Girls of all ages at the school participated across a half-term, opening up the opportunity for those who have never played the game before as well as those, like Ariella, who were looking to develop their existing skills to reap the benefits of playing the sport.

Premiership Rugby deliver the Project Rugby programme in conjunction with title partner Gallagher and the RFU to schools with the aim to increase participation in rugby by traditionally underrepresented groups, such as women and girls, people with a disability or from ethnically diverse or low socio-economic backgrounds.

With a specific focus on engaging participants no matter their background or ability. sessions introduce rugby to novices at easily accessible, familiar locations within local communities. Sessions are run by coaches and volunteers from Premiership Rugby Clubs and Club Foundations spread across the nation.

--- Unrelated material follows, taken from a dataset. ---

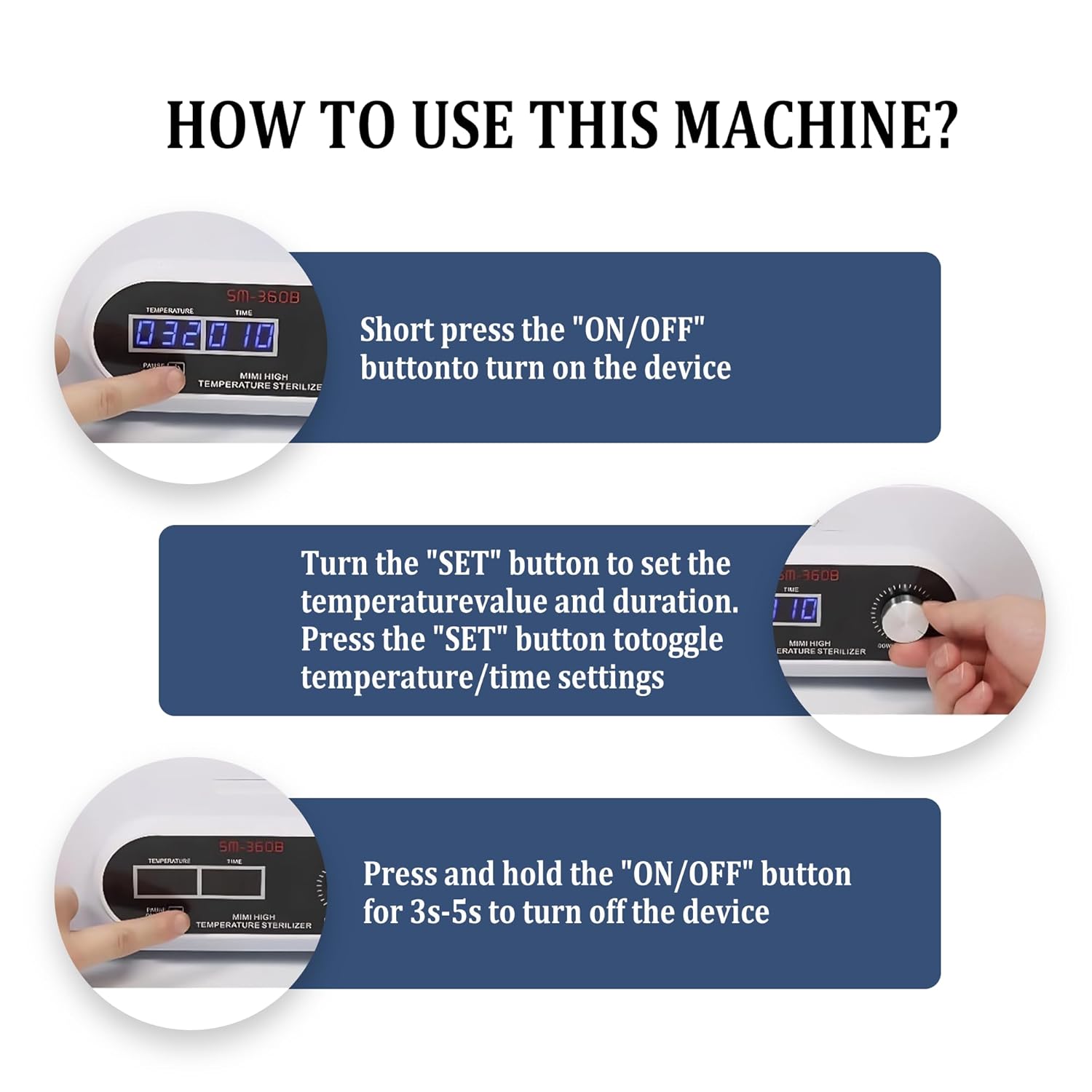 High-temperature sterilizer, 110V 300W, maximum temperature 230℃ (446℉), digital control, hair and nail tool dry heat sterilizer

Project Rugby at Brentford Girls School focused on touch rugby to ensure it opened up the sport to as many potential players as possible.

Sheree Cooper, Schools programme Coordinator at Harlequins, said: “We try to make sure that the lessons are for everyone. A lot of people think about rugby as a contact sport, but we make sure our lessons are predominantly touch-focused.

“With these groups of girls, we did do a little bit of contact work on crash pads so they got a bit of exposure to contact being safe and to give them that confidence that it’s not about somebody wanting to hurt them.”

“In an all-girls school, rugby may not have been a normal sport they would have done so it is good to come in and give them the exposure to something different.

“Not every school has rugby as part of their core syllabus, so to be able to give expertise and support to teachers is vital.

"Without the programme, those opportunities wouldn’t happen because there just isn’t enough time or funding. Project Rugby is vital to get more people to try the game, and if they want to transition to a school team or a rugby club then even better, but at least everyone has had the opportunity to give it a try.”

Since its inception in 2017, over 100,000 young people have participated in Project Rugby sessions held at over 200 different locations across England.

“The sport is growing but it also grows people as individuals," Cooper added.

"We have the World Cup next year so getting rugby into more schools, especially girls’ schools but all schools, to give them that exposure is so important.”

Simon Waine, Regional Managing Director of London and the Southeast at Gallagher, said: “We’re delighted that Project Rugby is having such a positive impact on the lives of young girls.

"It is brilliant to hear stories like Ariella’s and to see that the initiative is helping to create more diversity in the sport. Gallagher is very proud to support Project Rugby as it is helping to make a real difference in communities and schools.”